Lead Analysis
Regulation6 min

Biometric Data in the Age of AI: The Next Regulatory Minefield Executives Cannot Ignore

The Illinois Biometric Information Privacy Act (BIPA) has generated over $2.5 billion in settlements since 2008 and continues to produce record litigation. In 2025, Texas and Washington expanded similar legislation. In Europe, the AI Act classifies remote identification biometric systems as high risk. The proliferation of facial recognition cameras and voice authentication in the corporate environment exposes companies to increasing legal risks.

Facial recognition at turnstiles, voice authentication in call centres, expression analysis in candidates' video interviews. Biometric technologies are penetrating the corporate environment at a speed that surpasses the development of regulatory frameworks and internal governance policies. The result is increasing legal exposure that has already cost billions of dollars in settlements and is expected to intensify in 2026.


The American Precedent: BIPA as a Model


The Illinois Biometric Information Privacy Act, in effect since 2008, is the most litigated biometric privacy law in the United States. It requires informed consent before biometric data collection, prohibits the sale or transfer of data without consent, and imposes a minimum data retention period, with mandatory destruction once the original purpose has been fulfilled.


The financial consequence is significant. BIPA has generated over $2.5 billion in class action settlements since its enactment, including $650 million paid by Facebook in 2021 for using facial recognition for photo tagging without consent, and $228 million paid by BNSF Railway for biometric readings of truck drivers without the necessary authorisations.


In 2025, Texas and Washington approved expansions of their biometric privacy legislation, broadening the scope of obligations for companies of all sizes that collect these data from residents in those states.


The European Framework


The EU AI Act classifies remote biometric identification systems in public spaces as "high risk" and prohibits, with narrow exceptions, the use of real-time biometric identification systems by law enforcement agencies. For corporate use, any system that employs biometrics for decision-making affecting individuals, such as candidate selection or performance monitoring, is subject to the AI Act's high-risk obligations.


The GDPR already prohibited the processing of biometric data without a specific legal basis. The intersection with the AI Act creates a dual layer of compliance that directly impacts corporate authentication systems, physical access control, and human resources tools that incorporate biometric analysis.
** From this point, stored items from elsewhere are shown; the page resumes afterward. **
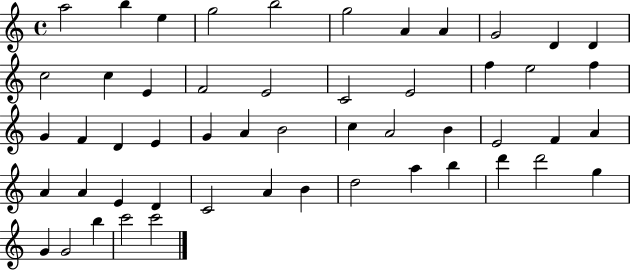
{
  \clef treble
  \time 4/4
  \defaultTimeSignature
  \key c \major
  a''2 b''4 e''4 | g''2 b''2 | g''2 a'4 a'4 | g'2 d'4 d'4 | \break c''2 c''4 e'4 | f'2 e'2 | c'2 e'2 | f''4 e''2 f''4 | \break g'4 f'4 d'4 e'4 | g'4 a'4 b'2 | c''4 a'2 b'4 | e'2 f'4 a'4 | \break a'4 a'4 e'4 d'4 | c'2 a'4 b'4 | d''2 a''4 b''4 | d'''4 d'''2 g''4 | \break g'4 g'2 b''4 | c'''2 c'''2 | \bar "|."
}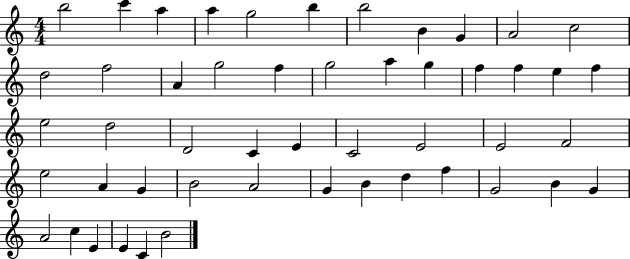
{
  \clef treble
  \numericTimeSignature
  \time 4/4
  \key c \major
  b''2 c'''4 a''4 | a''4 g''2 b''4 | b''2 b'4 g'4 | a'2 c''2 | \break d''2 f''2 | a'4 g''2 f''4 | g''2 a''4 g''4 | f''4 f''4 e''4 f''4 | \break e''2 d''2 | d'2 c'4 e'4 | c'2 e'2 | e'2 f'2 | \break e''2 a'4 g'4 | b'2 a'2 | g'4 b'4 d''4 f''4 | g'2 b'4 g'4 | \break a'2 c''4 e'4 | e'4 c'4 b'2 | \bar "|."
}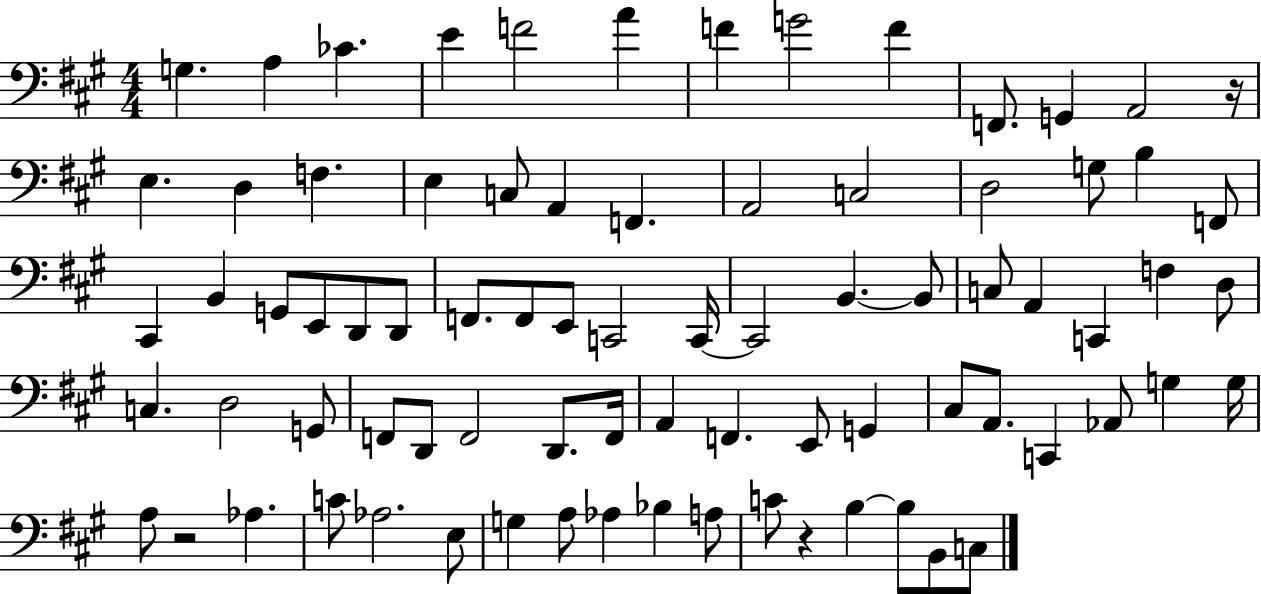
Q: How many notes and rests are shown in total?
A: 80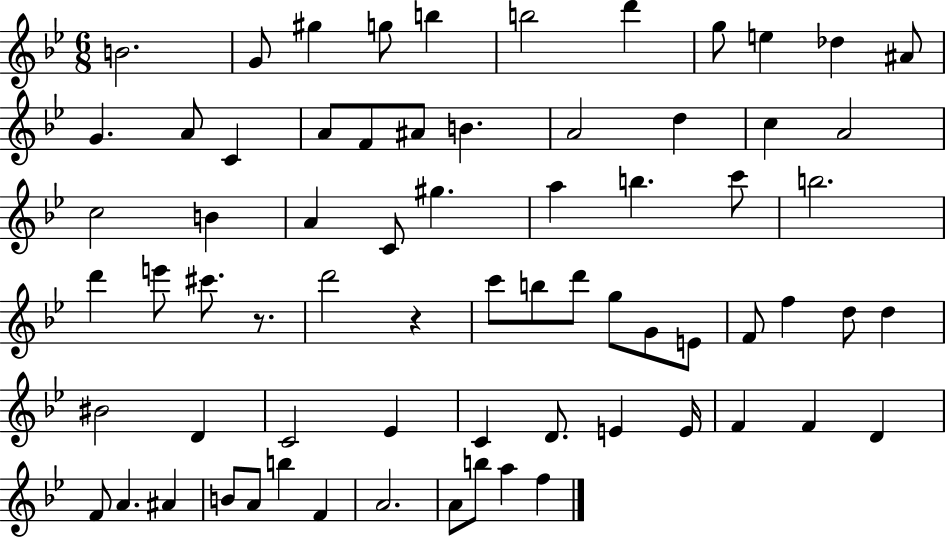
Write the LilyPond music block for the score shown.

{
  \clef treble
  \numericTimeSignature
  \time 6/8
  \key bes \major
  b'2. | g'8 gis''4 g''8 b''4 | b''2 d'''4 | g''8 e''4 des''4 ais'8 | \break g'4. a'8 c'4 | a'8 f'8 ais'8 b'4. | a'2 d''4 | c''4 a'2 | \break c''2 b'4 | a'4 c'8 gis''4. | a''4 b''4. c'''8 | b''2. | \break d'''4 e'''8 cis'''8. r8. | d'''2 r4 | c'''8 b''8 d'''8 g''8 g'8 e'8 | f'8 f''4 d''8 d''4 | \break bis'2 d'4 | c'2 ees'4 | c'4 d'8. e'4 e'16 | f'4 f'4 d'4 | \break f'8 a'4. ais'4 | b'8 a'8 b''4 f'4 | a'2. | a'8 b''8 a''4 f''4 | \break \bar "|."
}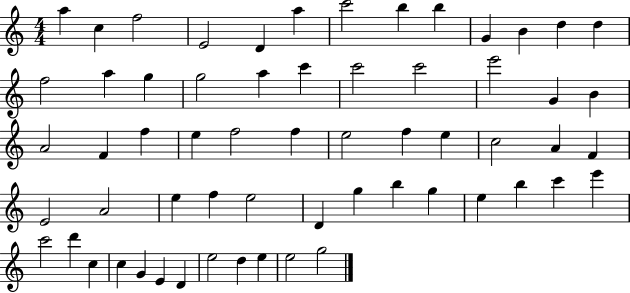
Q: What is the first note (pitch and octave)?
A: A5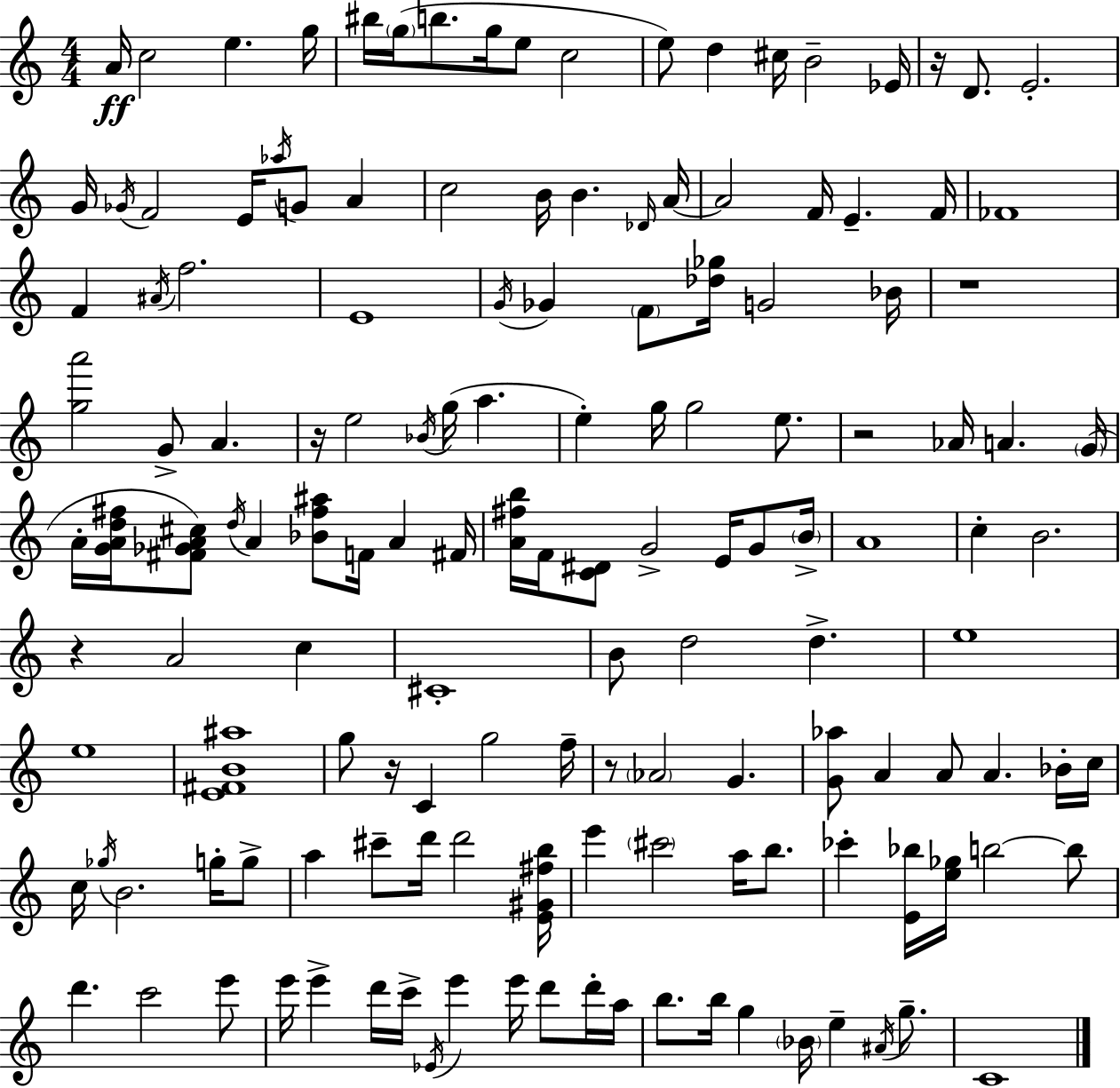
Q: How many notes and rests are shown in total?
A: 145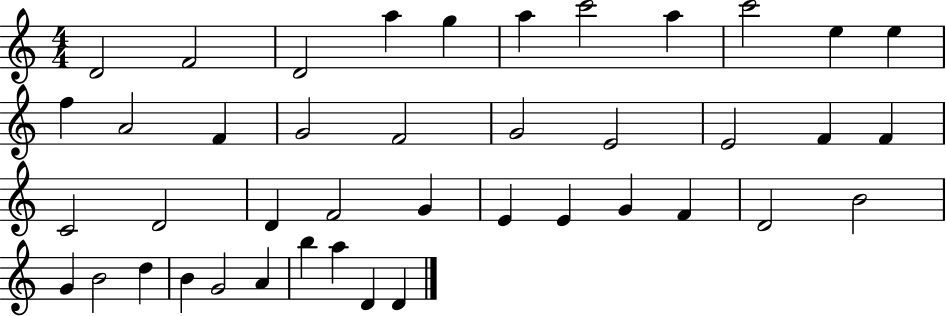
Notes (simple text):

D4/h F4/h D4/h A5/q G5/q A5/q C6/h A5/q C6/h E5/q E5/q F5/q A4/h F4/q G4/h F4/h G4/h E4/h E4/h F4/q F4/q C4/h D4/h D4/q F4/h G4/q E4/q E4/q G4/q F4/q D4/h B4/h G4/q B4/h D5/q B4/q G4/h A4/q B5/q A5/q D4/q D4/q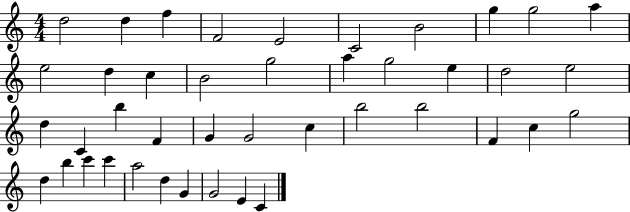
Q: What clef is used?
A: treble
The Specific Risk of HR and Recruitment


One particularly underestimated category of risk is the use of AI in candidate selection and assessment processes. Various jurisdictions, including Maryland (USA) and the EU under the AI Act, require candidates to be informed when AI is used in interviews and to be able to request human review of the decision. The use of micro-expression analysis or voice tone as selection criteria without the necessary disclosures and legal bases has already generated litigation on both sides of the Atlantic.


For the CHRO and the General Counsel together, the 2026 agenda includes auditing all biometric data collection points within the organisation, reviewing contracts with HR tech providers that incorporate behaviour or expression analysis, and developing policies for the retention and destruction of biometric data that are auditable.